Museum displays Ottoman bridal trousseaus
AYDIN - Anatolia News Agency
Exhibition of bridal trousseau items. AA photoBridal trousseau items dating back to the Ottoman era are being displayed in an ethnography museum established in a shopping mall in Söke, a touristic district in the Aegean province of Aydın’s Muğla.
Çağdaş Can Öztürk, who founded the Otantika Ethnography Museum with his brother Deniz, said that his family had been collecting bridal trousseaus from the 17th through 20th centuries from Aegean villages over the past 30 years in order to introduce Ottoman trousseau culture to new generations.

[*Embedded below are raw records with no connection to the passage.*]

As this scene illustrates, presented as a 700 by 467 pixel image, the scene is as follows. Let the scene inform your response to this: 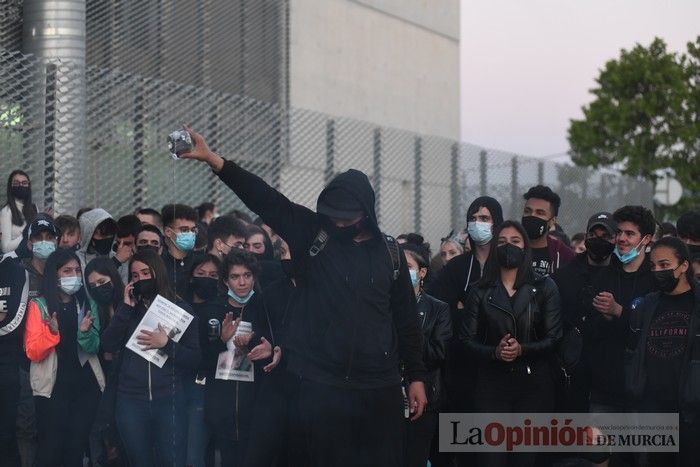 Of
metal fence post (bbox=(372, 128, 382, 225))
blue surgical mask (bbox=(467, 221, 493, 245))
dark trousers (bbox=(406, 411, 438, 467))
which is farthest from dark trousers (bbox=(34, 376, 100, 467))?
metal fence post (bbox=(372, 128, 382, 225))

“My father, Cem Cemil Öztürk, and mother, Nilüfer Öztürk, who are architects, bought products like wedding chests and accessories from villages in Aydın, Kütahya, Balıkesir, Manisa, Muğla, Afyon and Uşakfor for 30 years. Many villagers who heard about this interest of my parents came to Aydın and sold their items to them. This way they created a perfect collection including 4,000 original pieces by the end of 30 years,” he said.
1,800 traditional items on display
Öztürk said the items are the best heritage left for them by their parents. “My brother and I have dreamed of displaying these items in a museum. We applied to the Culture and Tourism Ministry and founded an ethnography museum named ‘Otantika.’ We display 1,800 out of 4,000 Ottoman bridal trousseaus including traditional costumes like bindallı, boleros, shalwars, headscarves, laces, kerchiefs, waistbands, napkin towels, prayer and mawlid clothes, bathroom sets, daggers, watches, point laces and jewelry in the museum. We are now planning to open a new museum to display the rest of the items.”
Öztürk said they were also organizing special trips to the museum for students and teachers as well as foreign tourists coming to the Aegean towns of Kuşadası and Didim in the summer months for a holiday.
Deniz Can Öztürk said they contacted women living in Aydın and neighboring villages to preserve the art of such Ottoman trousseau items and provide additional income for villagers. Nearly 100 women are reproducing the items on display, which are now for sale as souvenirs in the museum’s gift shop.
The brothers also plan to organize fashion shows to promote Ottoman trousseaus.